Souscrivant pleinement aux propos de mes collègues, je me contenterai de revenir sur les éléments spécifiques à France Médias Monde.
Sur le plan international, le choix du mode de financement de son média n'est pas anodin. Un média financé par des recettes affectées est en général qualifié de média indépendant de service public. À l'inverse, un média financé sur le budget de l'État est perçu comme un média gouvernemental.
RFI est la radio internationale au monde qui compte le plus grand nombre de fréquences FM. Ces 158 FM constituent un extraordinaire patrimoine pour la France. Au mois de juin, nous avons été contactés par l'autorité de régulation de Berlin, où notre FM bénéficie d'un certain succès. Renouvelée depuis 1994, cette fréquence arrive à échéance dans un an. Or, l'autorité de régulation nous a fait savoir que la réforme de l'audiovisuel français remettrait probablement en cause l'attribution de cette fréquence, puisque nous ne serions plus financés par une recette affectée, mais budgétisée. En effet, l'indépendance vis-à-vis de l'État est un élément déterminant pour recevoir une fréquence FM, qui est une fréquence de souveraineté donnée par l'État et les autorités de régulation. Pour citer l'autorité de régulation, « l'indépendance de l'État implique que toute influence dominante de l'État soit exclue, tant sur le plan du droit des sociétés et de l'organisation que sur le plan financier ou économique ». Il n'appartient évidemment pas à l'autorité de régulation de Berlin de mettre en cause l'engagement politique de nos pouvoirs publics : nul ne doute que leur volonté soit de garantir cette indépendance. Toutefois, la budgétisation porte en elle le germe du doute. Orsi par hasard, par malheur, nos amis allemands décidaient de ne pas renouveler notre fréquence, le précédent pourrait être redoutable. Les pays ne manquent pas, qui trouveraient qu'il serait au fond tellement plus commode que n'existe pas une radio comme RFI, indépendante, libre, experte et qui vérifie les faits.
Lors de notre conseil d'administration réuni hier, nous avons émis la proposition suivante.

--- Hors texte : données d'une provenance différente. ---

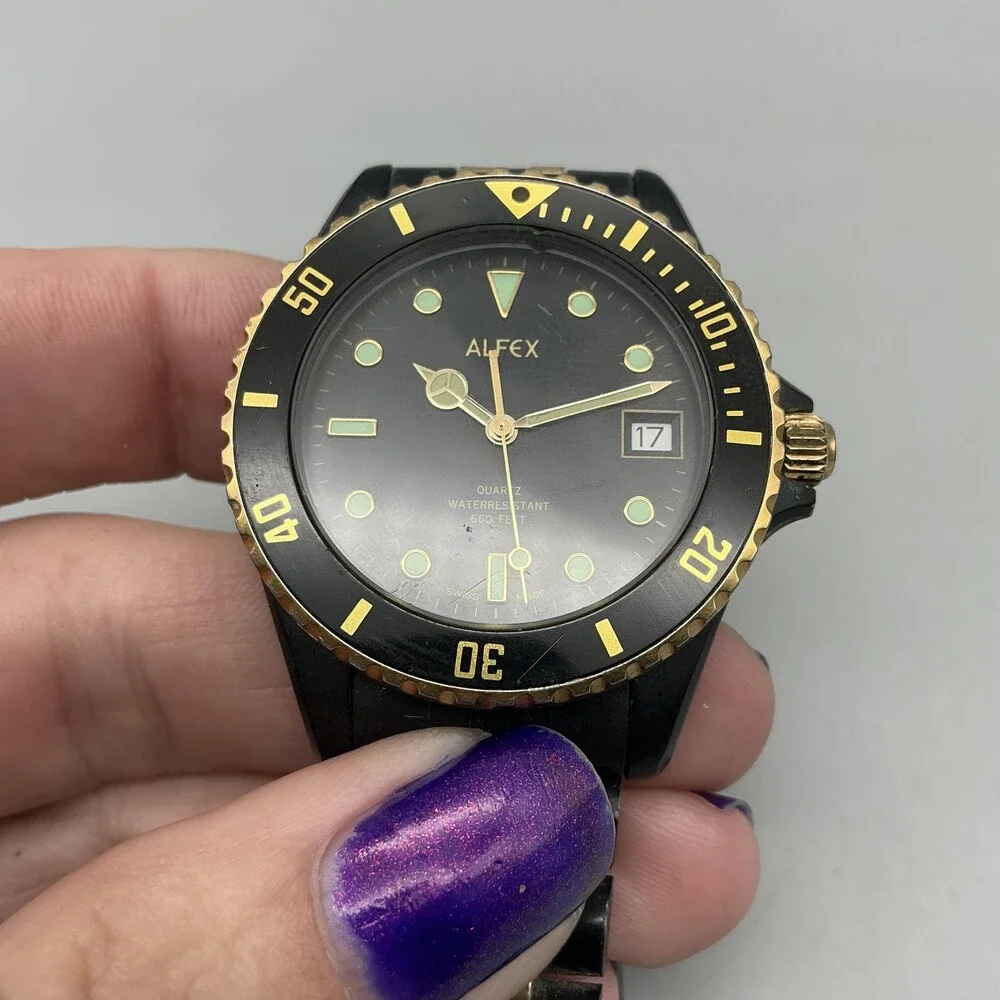 Alfex 4748 Diver Mens Watch 37mm Black Gold Tone Date 200m New Battery 7.25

Puisque le moteur de la réforme est la volonté d'améliorer le pouvoir d'achat de 23 millions de foyers ; puisque la seule véritable garantie d'indépendance opposable n'est pas la bonne foi de nos pouvoirs publics, mais le financement par une recette affectée ; puisque, enfin, le budget de l'État doit prendre en charge le budget du service public dans la réforme telle qu'elle est prévue, nous pensons que les foyers français doivent continuer à payer la redevance, puis la déduire de leurs impôts. Le service public continuerait à être financé par une recette affectée, sans que cette dernière pèse sur les foyers.
J'ajoute qu'il est souvent répété que l'indexation de la redevance sur l'inflation n'a pas été utile. L'inflation était très réduite ces dernières années : si cette dernière atteint plus de 5 %, cette indexation prend tout son sens. Nos salariés connaissent en effet de grandes difficultés, auxquelles nous ne pouvons entièrement faire face. Davantage qu'un travail, l'activité de nos équipes relève d'un véritable engagement auquel il importe de rendre justice.

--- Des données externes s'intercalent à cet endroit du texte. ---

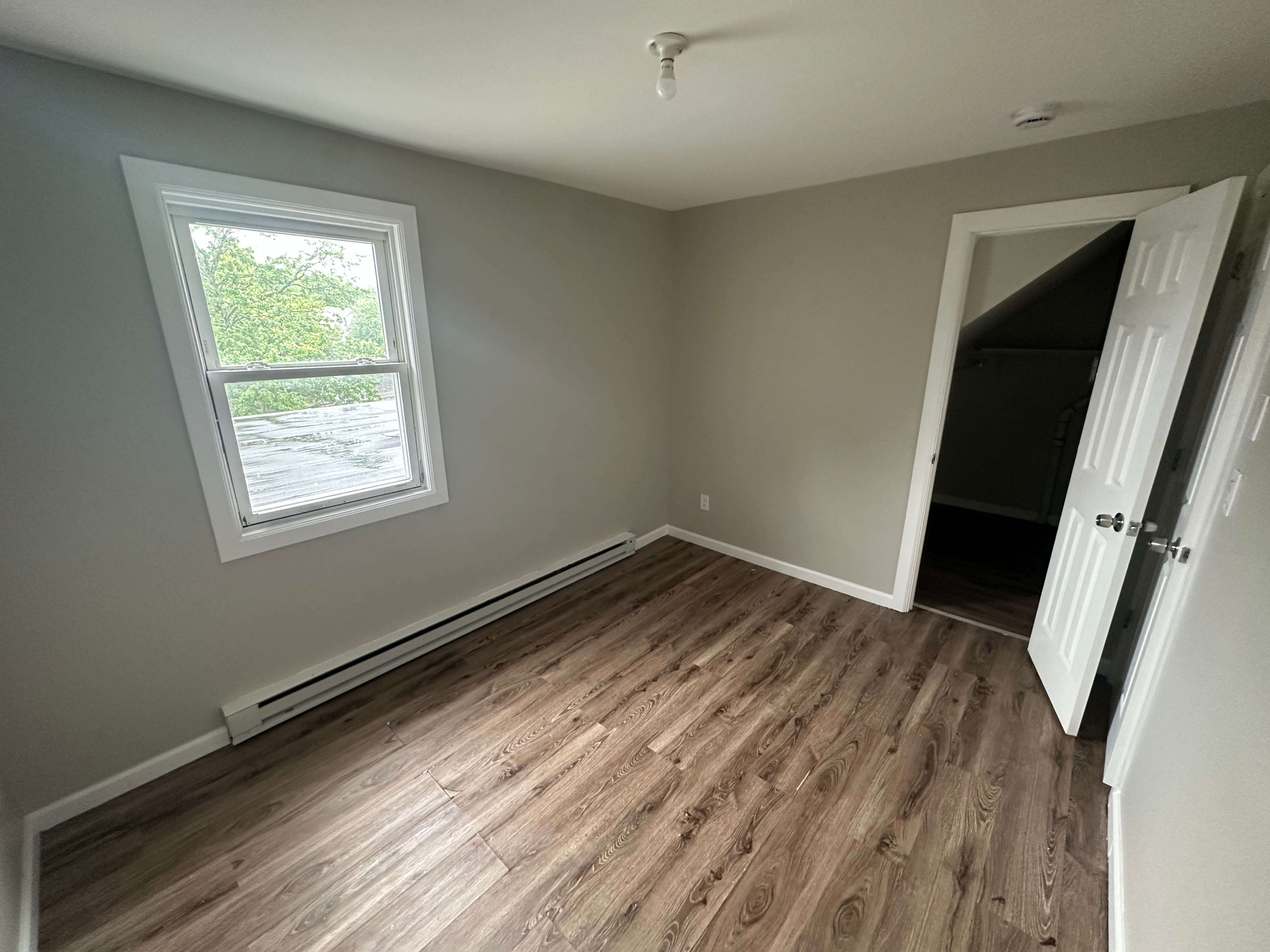 218 Hansbury Ave – photo 1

France Médias Monde ne se porte pas mal, d'autant que notre budget est bien inférieur à celui de nos concurrents internationaux. Ces derniers, comme la BBC, sont dotés d'un budget jusqu'à 50 % supérieur au nôtre, s'élevant à 360 millions d'euros quand nous ne disposons que de 254 millions d'euros de redevance. En 2022, le budget de la Deutsche Welle était supérieur de 130 millions d'euros à celui de France Médias Monde. Le budget de Russia Today est quatre fois supérieur à celui de France 24. Malgré cela, nous touchons 244 millions de personnes chaque semaine, dans nos vingt langues, avec nos trois médias, partout dans le monde. La qualité de nos programmes nous rend très attractifs. L'année dernière, 2,2 milliards de vidéos et de sons ont été visionnés et écoutés. Peu de pays ont la chance de disposer d'un tel outil, qu'il faut donc faire prospérer. Nous diffusons aussi une information indépendante, experte, vérifiée, qui lutte contre les fausses informations et les manipulations tout en respectant la pluralité des opinions. Nous payons le prix fort de notre action et du fait d'être français, puisque nous sommes fermés au Mali et interdits en Russie. Nous nous évertuons à répondre aux urgences de la guerre d'information. Avec le soutien du ministère des Affaires étrangères, nous ouvrons à Bucarest une rédaction en exil pour les journalistes ukrainiens et ukrainiennesqui fuient le conflit. Une maison des journalistes est également créée avec notre filiale CFI afin de les accueillir et les soutenir psychologiquement. Outre cette rédaction en ukrainien que nous souhaitons adosser à RFI Romania, nous souhaitons renforcer nos contenus en langue russe.